Exercise material:
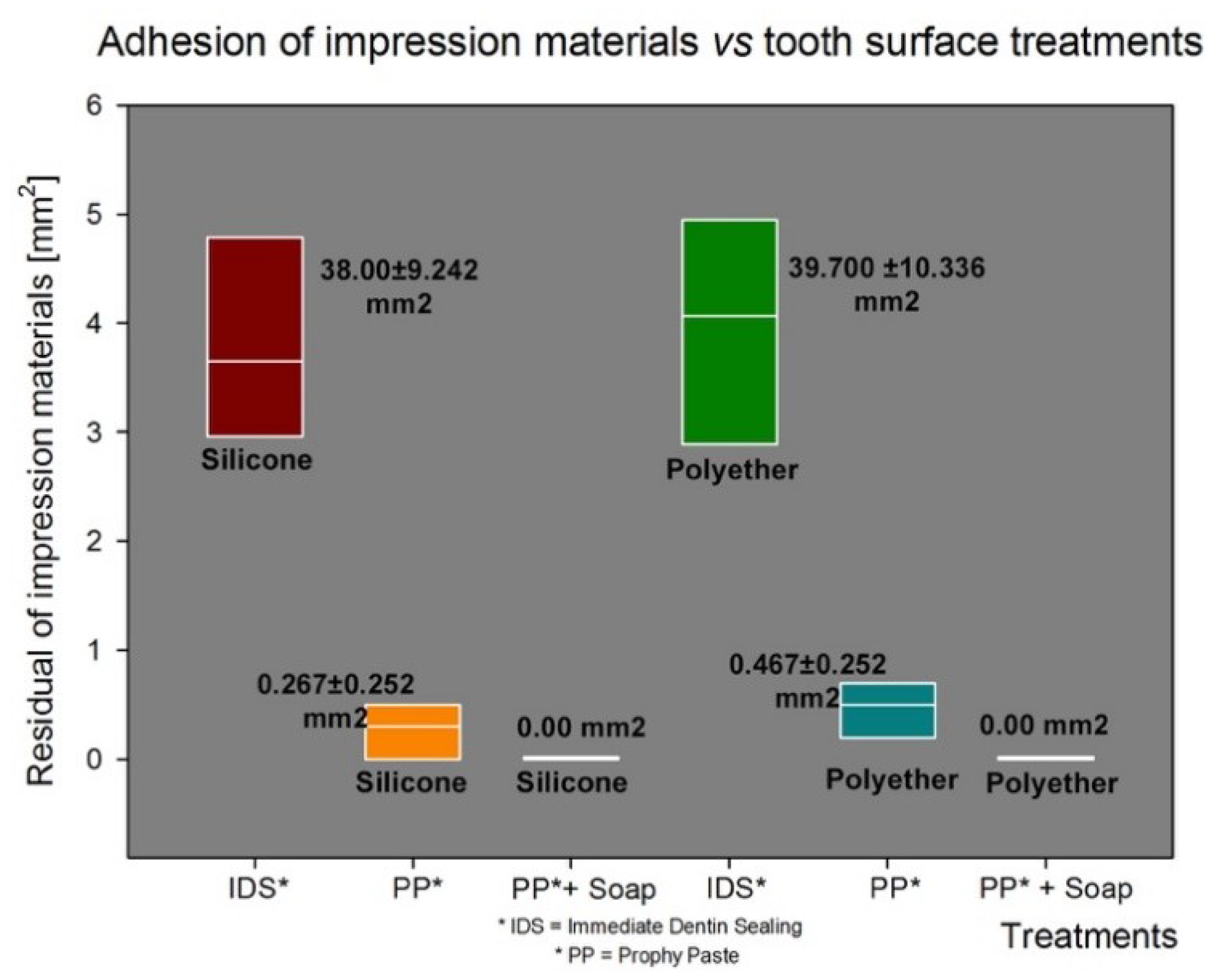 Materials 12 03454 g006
---
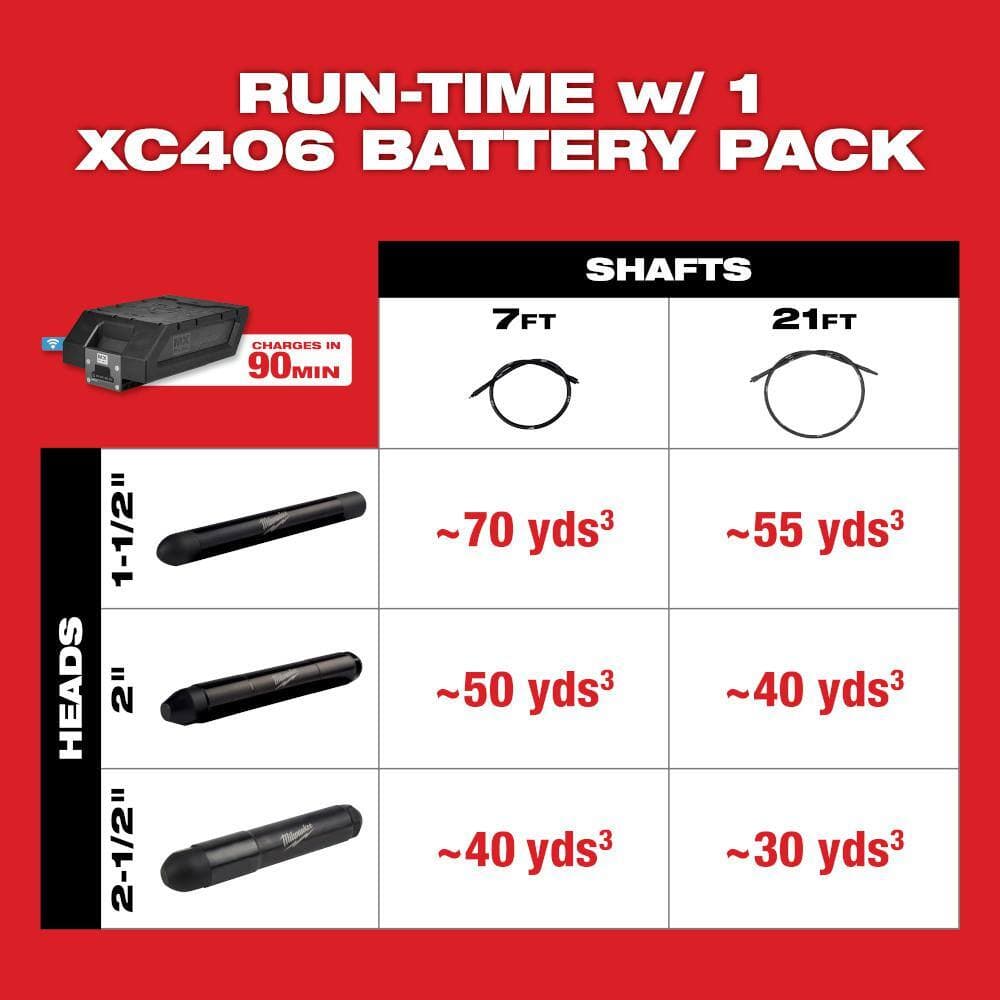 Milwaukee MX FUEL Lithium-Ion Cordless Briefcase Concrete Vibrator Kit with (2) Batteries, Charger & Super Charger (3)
---
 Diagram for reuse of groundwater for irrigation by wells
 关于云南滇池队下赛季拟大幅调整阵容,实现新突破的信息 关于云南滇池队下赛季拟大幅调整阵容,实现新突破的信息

Problem requirements: Copy range, inclusive: the line holding "Diagram for reuse" to the line holding "关于云南滇池队下赛季拟大幅调整阵容,实现新突破的信息 关". Reproduce exactly those lines of the records above and no others.

Solution below:
 Diagram for reuse of groundwater for irrigation by wells
 关于云南滇池队下赛季拟大幅调整阵容,实现新突破的信息 关于云南滇池队下赛季拟大幅调整阵容,实现新突破的信息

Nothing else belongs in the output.